So what was Harold like in the classroom? Accounts do exist. There’s a lovely recognisable description by his Walworth pupil Valerie Avery, in her novel London Spring which, with London Morning, he inspired her to write. And Bob Thornbury, his student at Borough Road training college, has told us of a demonstration lesson with cat poems –
‘– have any of you got a cat? Have you? Oh you’ve got a cat? What’s your cat like?’ And the kids started to talk to him… and they started to kind of move forward and by the end of the lesson… there were eleven kids out the front in one way or another, sat at Harold’s feet, and the others all rushed at the end of the lesson to tell him more about their cats. It was just spell binding.
Betty Rosen has written (in Changing English) about a lesson of Harold’s she saw while on teaching practice at Walworth. Unlike many heads of department, Harold chose to teach the lowest streams. The door was flung open and this smiling, eager figure came in, looking as if he couldn’t wait to be with his wild 4th years again. In no time he had them telling stories about their neighbours, and then writing about them. What stayed with Betty was the visible conviction Harold conveyed of the worth of what those students had to say. Harold, of course, thought the world of kids and was constantly being amused, amazed and delighted by them, and it no doubt helped that, as he told us, ‘I was a naughty boy at school…. So I couldn’t be sanctimoniously disciplinarian with kids.’
Well, he couldn’t be sanctimoniously anything.

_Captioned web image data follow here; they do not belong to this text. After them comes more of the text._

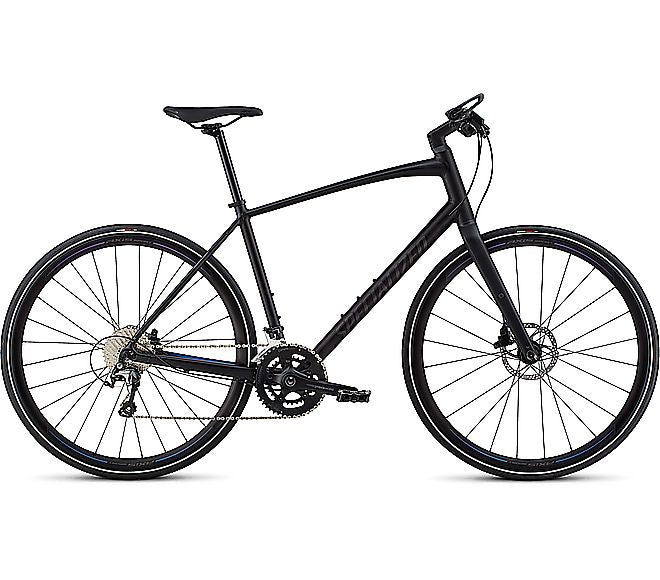 Specialized Sirrus Men Elite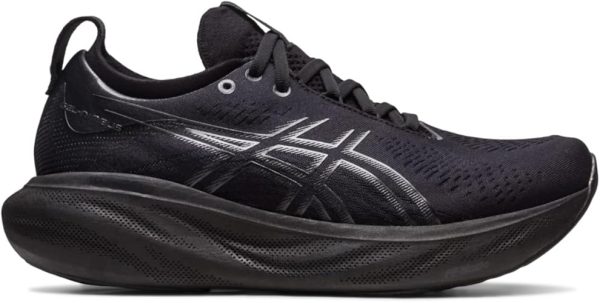 ASICS Women's Gel-Nimbus 25 Running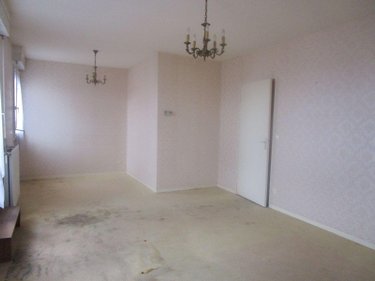 Appartement a vendre Châteauroux 36000 Indre 66 m2 3 pièces 80000 euros
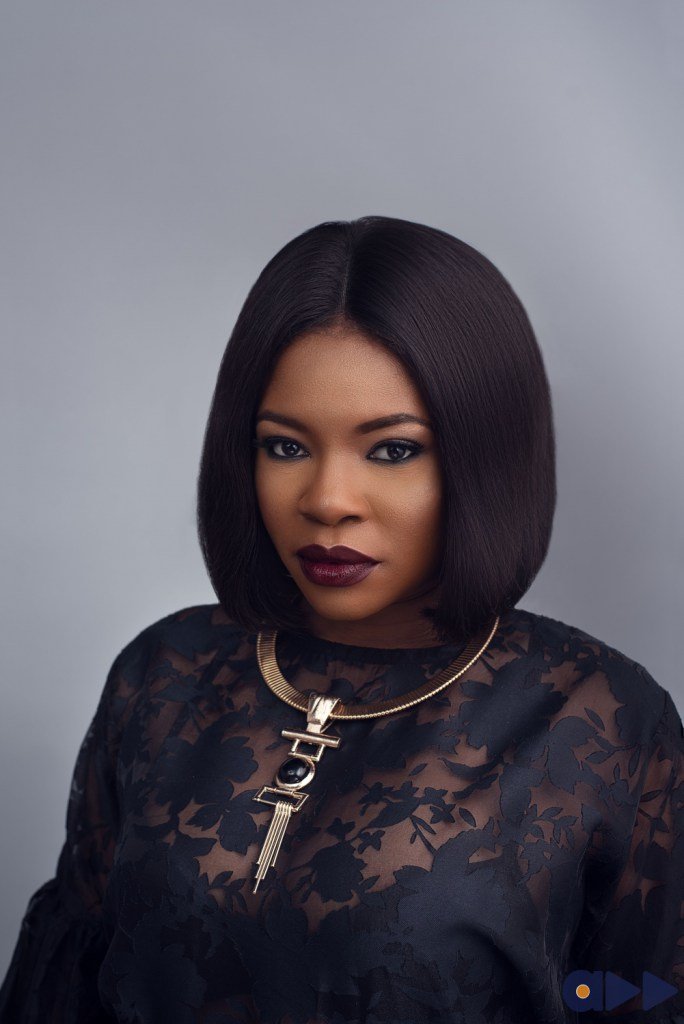 Kemi Adetigba Recounts her Sad Experience with Customs Officers at Lagos Airport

I've known other teachers with generous personalities who were magic with kids. The difference with Harold is that he knew what he was doing on an intellectual level too – which was partly what made him such a superb teacher educator. His thinking was as exciting as his practice. His ideas and his knowledge, manifested in a thousand remarks and comments in our tutorials, seemed to come from some deep well of wisdom that I
always wanted to get at. But of course, articulate though he was, he never laid it all out. What Harold knew he knew in his bones. It wasn’t a system but a rich culture of connections, best expressed, as Tony Burgess indicates (in Changing English), in the detail of his memorable formulations, which of course came also from his other great ability, as a superb talker and artful, vigorous writer.
For me, coming from my lower middle class grammar school background in Bradford, Harold was a quite new and unfamiliar sort of person, deep, fascinating, clever, warm and funny, nothing short of an inspiration. He was more interesting and more intellectually exacting than anyone in four years at Oxford, and the first really intelligent person of the Left that I'd encountered. For me and many others he made all the difference.
But I think my final word, when I think of this warm, clever, amusing, sometimes difficult, often pontificating, always story-telling man, would be quite simply: What fun he was!